Friday, August 18, 2017

Reformy Chalkbeat Has Another ATR Report with No ATRs

Kind of amazing that an education publication can write for years about a group and never bother to talk to a member, or learn anything when finally pressured into it. But that's no issue for Chalkbeat NY. Naturally the first person they interview is from Students First NY, because they have her on speed dial. (Norm Scott notes this same person supports no certification for teachers.) And who better to assess a situation like the ATR than someone who's paid to shill for charter schools? How many ATRs does Students First NY know? My best guess is zero.

In fact, I've heard from an ATR who spoke with Chalkbeat for an hour. This happened after several blogs, this one included, pointed out how ridiculous it was that they wrote about ATRs without interviewing any. So Chalkbeat's move, evidently, was to interview one single solitary ATR and report virtually nothing about it. (Update--A commenter informs me they interviewed two, thought evidence in the article is scant.) After all, you could always get someone reformy to say the same old crap they always do, and that's what passes for journalism over at Chalkbeat NY.

One of the cool things about just asking reformies what they think is it makes your Gates/ Walmart funders happy. ATRs are bad for kids. They're no good. It's bad policy. It's so bad it's shocking. Why? Who knows? Chalkbeat doesn't ask and doesn't appear to care. That would entail digging more deeply than the Students First NY position, getting real quotes from real teachers, and who wants to do that? Why that would be, you know, like work or something.

Teachers in the ATR have argued that their higher salaries are one reason principals avoid hiring them — a concern that principals voiced in a recent Chalkbeat report

It's interesting that Chalkbeat makes this reference plural, while offering no evidence they've spoken with even one ATR, let alone two or more. You'd think they'd have a quote. After all, they have a quote from the single person from Students First NY whose remark is of more importance than any UFT member. Where's the quote from a UFT member? And while we're on the topic, this contradicts UFT leadership, which seems to feel otherwise. (Why on earth are they advertising on Chalkbeat?) It's time to get rid of so-called fair student funding, so principals don't have to worry about salaries of those they hire.

“This is part of the injustice of the ATR placement,” said Scott Conti, principal of New Design High School in Manhattan. “Schools might not want them and they will cost schools more in the future, taking away from other budget priorities.” 

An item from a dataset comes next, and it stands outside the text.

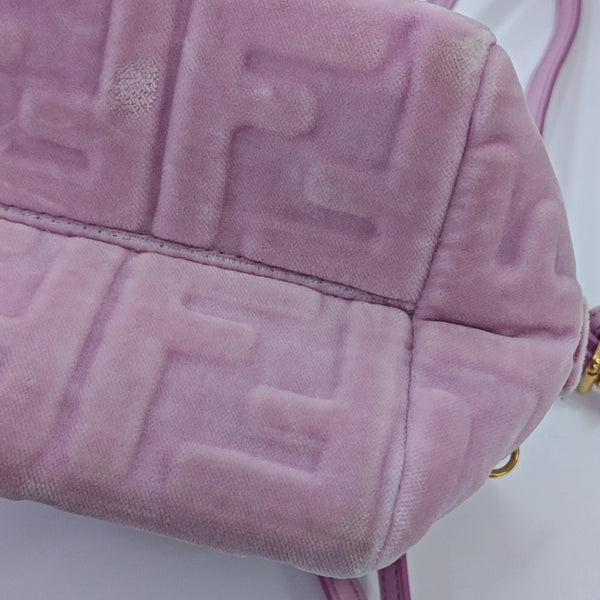 Monogram Velvet Crossbody Bag Pink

I wonder if anyone wants that principal. I've been up close and personal this year with schools and people who didn't want principals. Oddly, their salaries never came into play. Rather, it was their demonstrated cruelty, self-centeredness, and incompetence, none of which has been established for a single one of the ATR teachers generally ignored by this piece.

Once again, Chalkbeat puts out the argument that it's inconvenient to pay teachers. It's pretty interesting to hear that a principal is troubled by having to do that. What is more important for children than teachers? A big screen TV in the principal's office? A gala luncheon at the Marriott? Getting a teacher with the lowest possible salary regardless of quality? Who knows what they hell principals like that find important?  For me, teaching kids is important. That's why I'm a teacher.

If I were a journalist, it would be important for me to talk to teachers. In fact, I talk to teachers just about every day. I also talk to students every single school day. I'd be a terrible journalist by Chalkbeat standards. I don't know anyone from Students First NY, E4E, or "Families for Excellent Schools." I'd probably go around talking to real participants instead of paid shills.

What could I possibly know about education?